5. La gente tiene menos afán
Esta es quizás una de las características más notorias del pueblito: la gente anda con menos afán, o si llega aquí se le va quitando. ¿Qué tal sería que estuviéramos 100% en el campo? Sería genial observarlo, pero si esto es estando en la periferia, no cambio por nada la calma del pueblito.
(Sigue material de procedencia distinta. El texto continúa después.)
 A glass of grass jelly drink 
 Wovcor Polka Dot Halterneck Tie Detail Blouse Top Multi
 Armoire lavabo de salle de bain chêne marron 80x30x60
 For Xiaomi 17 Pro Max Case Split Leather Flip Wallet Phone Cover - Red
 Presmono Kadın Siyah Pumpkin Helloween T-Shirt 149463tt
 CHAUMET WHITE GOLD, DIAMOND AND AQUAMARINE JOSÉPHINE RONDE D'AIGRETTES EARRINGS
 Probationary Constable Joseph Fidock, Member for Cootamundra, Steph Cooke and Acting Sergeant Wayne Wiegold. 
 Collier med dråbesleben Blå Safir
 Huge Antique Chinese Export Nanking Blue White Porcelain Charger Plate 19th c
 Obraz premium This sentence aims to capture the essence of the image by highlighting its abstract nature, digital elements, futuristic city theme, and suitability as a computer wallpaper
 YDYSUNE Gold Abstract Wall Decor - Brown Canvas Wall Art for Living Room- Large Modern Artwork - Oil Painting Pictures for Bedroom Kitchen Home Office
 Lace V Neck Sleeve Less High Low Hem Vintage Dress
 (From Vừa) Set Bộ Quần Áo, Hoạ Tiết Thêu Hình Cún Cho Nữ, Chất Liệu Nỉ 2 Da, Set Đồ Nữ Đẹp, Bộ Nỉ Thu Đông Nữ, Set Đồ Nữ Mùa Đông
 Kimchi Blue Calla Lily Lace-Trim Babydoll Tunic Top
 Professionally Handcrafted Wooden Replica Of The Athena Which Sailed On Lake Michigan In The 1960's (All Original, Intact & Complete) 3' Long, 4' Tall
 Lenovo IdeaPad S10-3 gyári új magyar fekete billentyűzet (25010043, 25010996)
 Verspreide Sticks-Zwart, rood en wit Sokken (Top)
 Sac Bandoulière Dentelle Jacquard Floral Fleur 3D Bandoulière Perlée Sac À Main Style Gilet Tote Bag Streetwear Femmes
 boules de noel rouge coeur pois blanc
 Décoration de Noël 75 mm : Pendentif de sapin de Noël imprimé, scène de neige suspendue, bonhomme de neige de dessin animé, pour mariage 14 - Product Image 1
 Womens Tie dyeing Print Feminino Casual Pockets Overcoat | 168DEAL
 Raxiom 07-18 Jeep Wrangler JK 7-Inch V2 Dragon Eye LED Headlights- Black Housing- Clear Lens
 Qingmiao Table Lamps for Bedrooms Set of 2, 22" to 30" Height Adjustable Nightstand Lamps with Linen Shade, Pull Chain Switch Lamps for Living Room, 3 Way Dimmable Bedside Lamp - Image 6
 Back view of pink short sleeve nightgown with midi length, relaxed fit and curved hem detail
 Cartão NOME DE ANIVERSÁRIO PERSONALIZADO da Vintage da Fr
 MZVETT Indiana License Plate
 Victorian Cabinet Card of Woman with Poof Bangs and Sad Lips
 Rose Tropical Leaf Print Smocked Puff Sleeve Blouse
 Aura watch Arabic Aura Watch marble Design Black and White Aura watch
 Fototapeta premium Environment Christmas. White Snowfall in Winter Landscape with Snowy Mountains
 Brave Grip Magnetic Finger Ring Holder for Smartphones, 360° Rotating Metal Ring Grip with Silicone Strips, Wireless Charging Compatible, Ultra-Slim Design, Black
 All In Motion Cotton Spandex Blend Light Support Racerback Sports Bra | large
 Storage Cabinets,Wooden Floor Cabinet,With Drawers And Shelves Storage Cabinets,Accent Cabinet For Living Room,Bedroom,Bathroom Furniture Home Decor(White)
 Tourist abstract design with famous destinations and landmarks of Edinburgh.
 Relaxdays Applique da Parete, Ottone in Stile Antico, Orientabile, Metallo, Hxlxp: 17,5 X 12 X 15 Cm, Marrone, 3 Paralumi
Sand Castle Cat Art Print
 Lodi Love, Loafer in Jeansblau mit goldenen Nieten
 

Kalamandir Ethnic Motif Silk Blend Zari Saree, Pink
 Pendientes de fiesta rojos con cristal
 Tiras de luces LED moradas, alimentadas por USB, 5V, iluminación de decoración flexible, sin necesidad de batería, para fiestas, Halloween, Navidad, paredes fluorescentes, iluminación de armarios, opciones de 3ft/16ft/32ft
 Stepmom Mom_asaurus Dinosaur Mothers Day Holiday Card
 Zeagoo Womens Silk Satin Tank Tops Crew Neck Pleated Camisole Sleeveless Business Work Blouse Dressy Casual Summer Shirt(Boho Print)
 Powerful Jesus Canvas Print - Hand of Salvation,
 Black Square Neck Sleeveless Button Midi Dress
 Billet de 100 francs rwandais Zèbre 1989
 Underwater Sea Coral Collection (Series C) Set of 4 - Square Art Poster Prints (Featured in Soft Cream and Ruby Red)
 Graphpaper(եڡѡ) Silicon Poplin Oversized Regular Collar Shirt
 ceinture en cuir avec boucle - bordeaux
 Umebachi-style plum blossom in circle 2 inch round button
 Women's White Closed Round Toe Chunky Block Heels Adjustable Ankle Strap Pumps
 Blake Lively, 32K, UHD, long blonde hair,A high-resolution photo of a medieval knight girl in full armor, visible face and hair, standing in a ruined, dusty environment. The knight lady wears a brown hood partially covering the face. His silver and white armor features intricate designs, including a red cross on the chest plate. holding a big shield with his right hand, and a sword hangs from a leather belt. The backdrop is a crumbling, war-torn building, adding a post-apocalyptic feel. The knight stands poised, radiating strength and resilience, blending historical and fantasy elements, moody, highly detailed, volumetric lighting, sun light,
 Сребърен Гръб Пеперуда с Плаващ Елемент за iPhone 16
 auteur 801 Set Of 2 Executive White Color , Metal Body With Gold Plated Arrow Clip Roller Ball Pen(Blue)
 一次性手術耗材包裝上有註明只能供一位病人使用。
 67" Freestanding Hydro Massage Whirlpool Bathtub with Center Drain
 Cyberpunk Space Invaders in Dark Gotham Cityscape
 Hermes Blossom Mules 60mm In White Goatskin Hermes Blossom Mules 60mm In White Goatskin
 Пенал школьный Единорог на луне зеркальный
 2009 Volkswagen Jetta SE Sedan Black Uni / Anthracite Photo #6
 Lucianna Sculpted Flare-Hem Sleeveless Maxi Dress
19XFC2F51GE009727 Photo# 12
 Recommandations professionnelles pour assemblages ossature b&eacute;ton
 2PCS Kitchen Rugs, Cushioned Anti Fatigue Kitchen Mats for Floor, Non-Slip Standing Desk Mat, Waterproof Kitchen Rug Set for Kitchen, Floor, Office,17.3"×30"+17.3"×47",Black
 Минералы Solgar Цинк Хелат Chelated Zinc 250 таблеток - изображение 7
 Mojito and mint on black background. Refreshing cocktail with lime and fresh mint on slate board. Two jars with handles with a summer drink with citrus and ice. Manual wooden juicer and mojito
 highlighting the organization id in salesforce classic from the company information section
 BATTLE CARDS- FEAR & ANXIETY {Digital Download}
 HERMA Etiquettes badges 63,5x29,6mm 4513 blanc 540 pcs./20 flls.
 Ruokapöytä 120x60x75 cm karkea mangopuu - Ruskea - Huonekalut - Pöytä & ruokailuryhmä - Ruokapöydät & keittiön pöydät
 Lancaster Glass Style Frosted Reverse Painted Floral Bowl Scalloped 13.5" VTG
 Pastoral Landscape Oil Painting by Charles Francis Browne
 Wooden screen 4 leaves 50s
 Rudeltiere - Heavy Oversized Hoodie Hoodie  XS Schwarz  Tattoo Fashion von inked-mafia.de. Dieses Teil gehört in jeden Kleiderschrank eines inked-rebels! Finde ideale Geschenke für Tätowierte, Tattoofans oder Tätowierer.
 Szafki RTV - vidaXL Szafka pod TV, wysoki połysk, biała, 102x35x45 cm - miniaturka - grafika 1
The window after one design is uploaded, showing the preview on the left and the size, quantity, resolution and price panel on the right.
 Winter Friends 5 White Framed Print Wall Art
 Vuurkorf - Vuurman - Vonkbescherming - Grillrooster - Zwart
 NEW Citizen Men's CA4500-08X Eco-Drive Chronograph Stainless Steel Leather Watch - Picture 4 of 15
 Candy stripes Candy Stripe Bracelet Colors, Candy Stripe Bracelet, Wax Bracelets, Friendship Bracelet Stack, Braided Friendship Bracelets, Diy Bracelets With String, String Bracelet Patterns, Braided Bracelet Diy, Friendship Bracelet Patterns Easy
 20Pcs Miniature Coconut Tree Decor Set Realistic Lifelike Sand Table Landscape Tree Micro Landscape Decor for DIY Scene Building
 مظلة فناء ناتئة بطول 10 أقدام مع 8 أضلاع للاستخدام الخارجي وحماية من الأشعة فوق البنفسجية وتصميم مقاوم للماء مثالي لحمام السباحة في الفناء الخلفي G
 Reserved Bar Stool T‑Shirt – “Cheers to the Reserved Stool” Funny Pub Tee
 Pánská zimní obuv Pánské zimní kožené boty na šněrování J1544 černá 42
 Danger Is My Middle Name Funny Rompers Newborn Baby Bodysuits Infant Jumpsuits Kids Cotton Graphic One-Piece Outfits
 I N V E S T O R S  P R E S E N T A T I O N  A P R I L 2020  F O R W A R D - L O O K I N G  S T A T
6. El pueblo en sí es una artesanía
Hace poco le hacía esa reflexión a un amigo mientras caminábamos por una calle estrecha. Este pueblito no tiene ninguna planeación urbana, las casas fueron hechas por la gente con el paso de los años, como pudieron, una y otra más o menos montada sobre la estructura de la siguiente, pero todas conservan su dignidad, su intención, su esfuerzo. Nada de barrios planeados ni uniformes, nada de andenes adecuados y zonas verdes; esto fue una lucha a muerte con el espacio para ganar con cualquier centímetro.
Este pueblito fue la derrota de la topografía; las calles no son rectas, tienen formas irregulares, en unos puntos son más anchas y en otros más angostas. No se sabe si es chocante o pintoresco, pero en todo caso es lo que le da identidad al pueblito.
7. Dan ganas de irse a un pueblo más pequeño
La megalópolis seca el alma. Allá nadie quiere ir a ver a nadie, todo el mundo te saca el cuerpo, todos estás furiosos y cansados. Ir a cualquier parte es tan lejos, tan pesado y tan costoso, que nadie se ve con nadie, salvo en sufridos y lejanos encuentros cada tres meses. De resto no te ves con nadie. En la megalópolis ya la gente ha perdido la confianza en que algo bueno pueda pasar, en cambio en el pueblito, como todo está por hacerse, todavía queda un resquicio de optimismo.
No obstante, como en todo hay problemas, cosas qué arreglar, cosas que podrían estar mejor, nadie podría decir lo contrario, pero de que va siendo mejor estar aquí en la coherencia minimalista, sí que lo es.